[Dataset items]

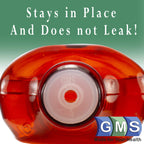 Gms Group Medical Supply bottle adapter plug inserted into bottle neck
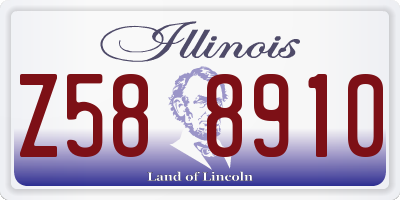 IL license plate Z588910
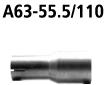 Bastuck Sportauspuff Ford Fiesta VI JA8 2x76mm Tuning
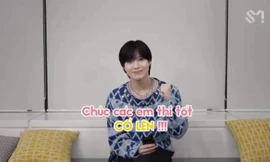 Dàn sao SNSD, SHINee, EXO nói tiếng Việt siêu đáng yêu, gửi lời chúc các sĩ tử 2K2 thi tốt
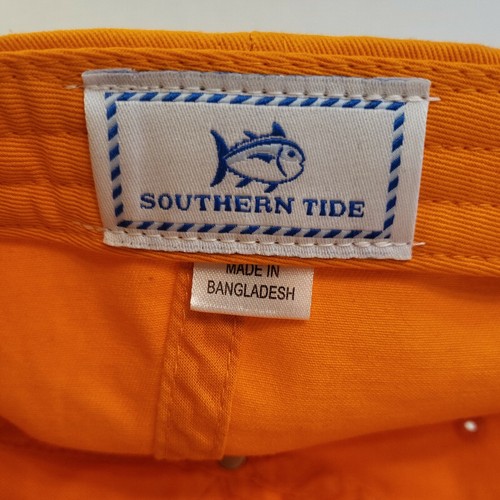 Southern Tide Orange Adjustable Fish Hat - Picture 9 of 9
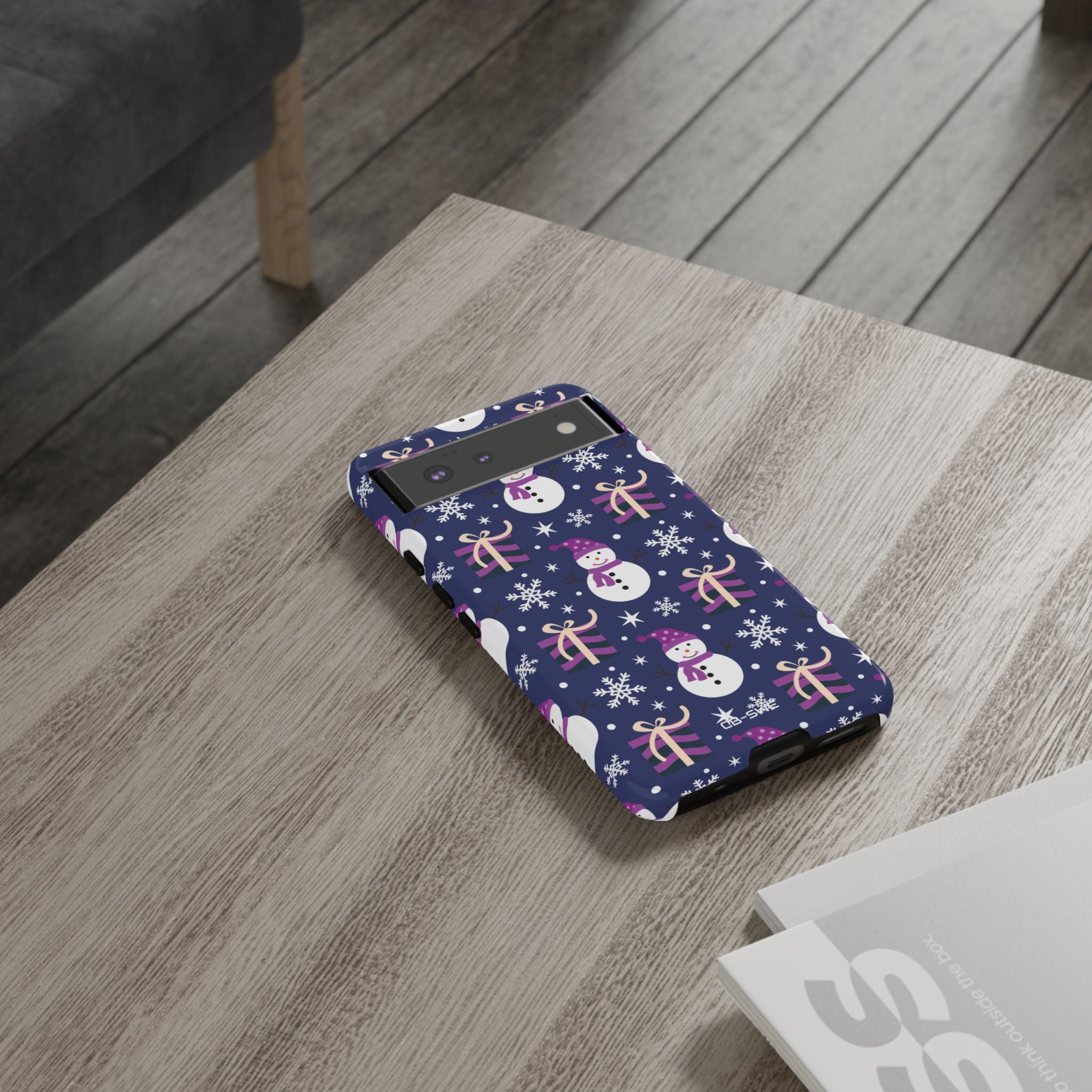 Snowmen Celebrate Joy - Google Pixel Case
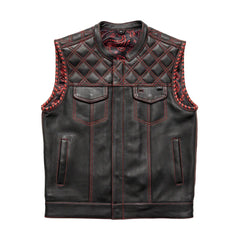 FIM672QLT-Sinister - Men's Motorcycle Leather Vest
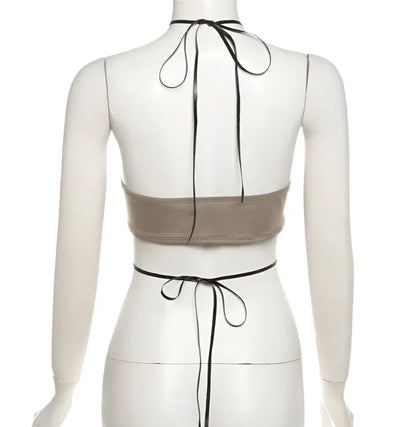 Dam Topp Festtoppar Tropisk Design Polyester Spandex-5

To do ▸ What is needed here is an exact copy of all the entries, without the pictures.

Reply ▸
 Gms Group Medical Supply bottle adapter plug inserted into bottle neck
 IL license plate Z588910
 Bastuck Sportauspuff Ford Fiesta VI JA8 2x76mm Tuning
 Dàn sao SNSD, SHINee, EXO nói tiếng Việt siêu đáng yêu, gửi lời chúc các sĩ tử 2K2 thi tốt
 Southern Tide Orange Adjustable Fish Hat - Picture 9 of 9
 Snowmen Celebrate Joy - Google Pixel Case
 FIM672QLT-Sinister - Men's Motorcycle Leather Vest
 Dam Topp Festtoppar Tropisk Design Polyester Spandex-5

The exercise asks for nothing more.